So if someone cross trains in SchH and are using German commands but yet they use English as a mother tongue they could be in danger of getting zinged by a stickler of a judge?


----------



## Kadi Thingvall (Jan 22, 2007)

Geoff Empey said:


> So if someone cross trains in SchH and are using German commands but yet they use English as a mother tongue they could be in danger of getting zinged by a stickler of a judge?

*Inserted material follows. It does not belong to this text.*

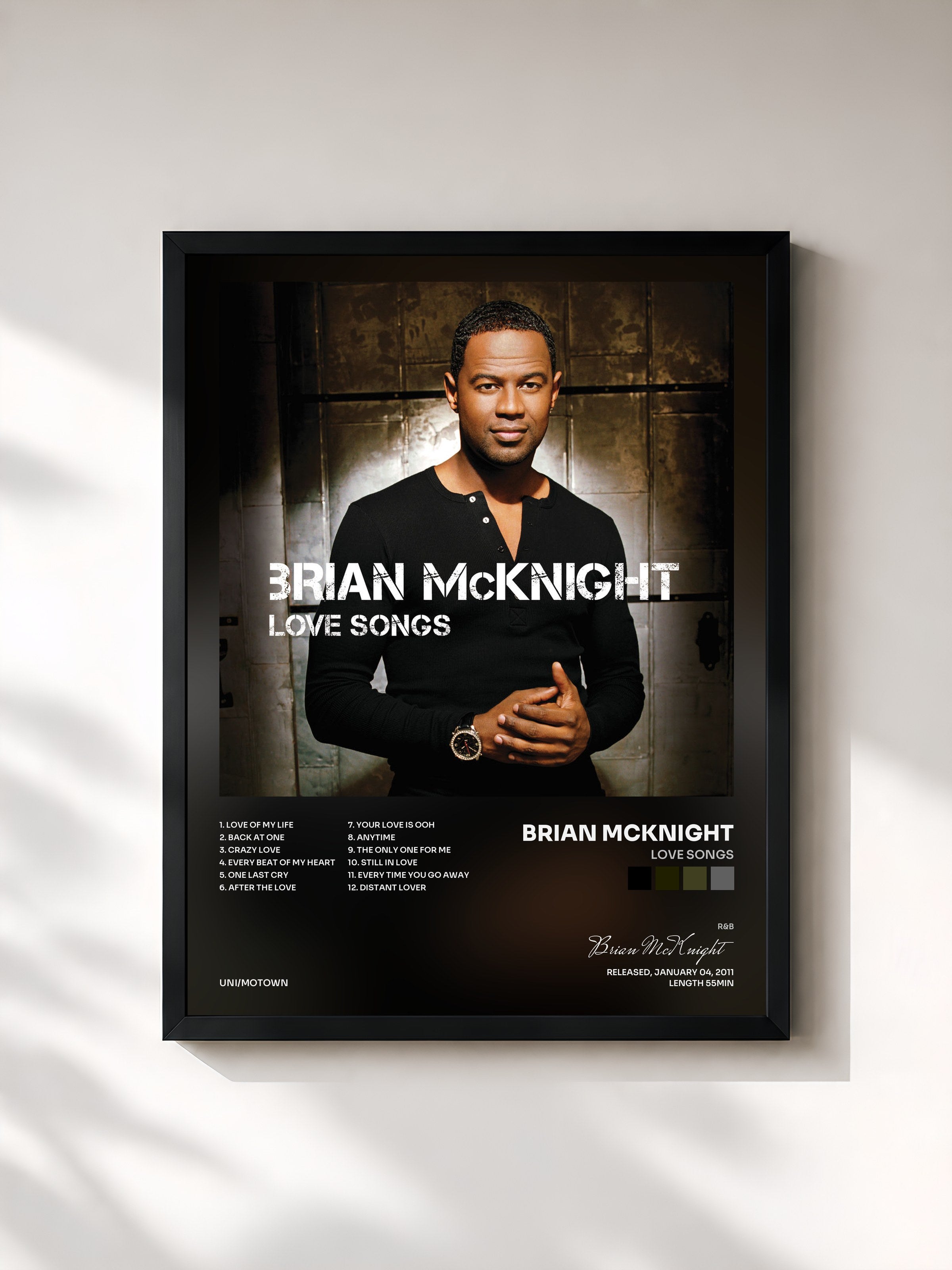 #noir Tableau de l'album Love Songs de Brian McKnight, cadre noir, imprimé et encadré en France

Technically I believe so, but I would be shocked if it ever happened. Especially if they told the judge "I do Sch with the dog also". The "standard" languages, German, French, Dutch, etc aren't going to make a judge even blink. It's when people come out with the most off the wall language they could find. The problem is that the judge has to know if you are telling the dog the correct and consistent commands, the rules are very specific about the commands the handler is to be giving. If you have decided to train in the most bizarre language you can think of, where you are claiming "out" is translated as "Rkacleli Kwilddi Mejuclek Meicuq" how is the judge to know if it really is? Basically, the less you make a judge have to think "are they trying to cheat or is this normal/acceptable" the better chance you have of keeping all your points.


----------



## Rachel Schumacher (Oct 11, 2006)

As for SCH (IPO/VPG) it doens't matter what kind of command you're using. I'm using a mix of German, French and English commands. You can even say banana instead of heel/fuss/au pied. I believe the same applies for Mondioring.


----------



## Ted Efthymiadis (Apr 3, 2009)

The Schutzhund folks don't seem to mind me yelling out Greek words at Bb. 
The only person who didn't like it one bit was Marc Villain. I sent BB at him on the bungee and Mark was like, "how am I suppose to work this dog, I don't even know what the handler is saying". hahahaha


----------



## Geoff Empey (Jan 8, 2008)

Ted Efthymiadis said:


> The Schutzhund folks don't seem to mind me yelling out Greek words at Bb.
> The only person who didn't like it one bit was Marc Villain. I sent BB at him on the bungee and Mark was like, "how am I suppose to work this dog, I don't even know what the handler is saying". hahahaha


Yeah I remember that fondly. It was all Greek to him Ted! Good times!


----------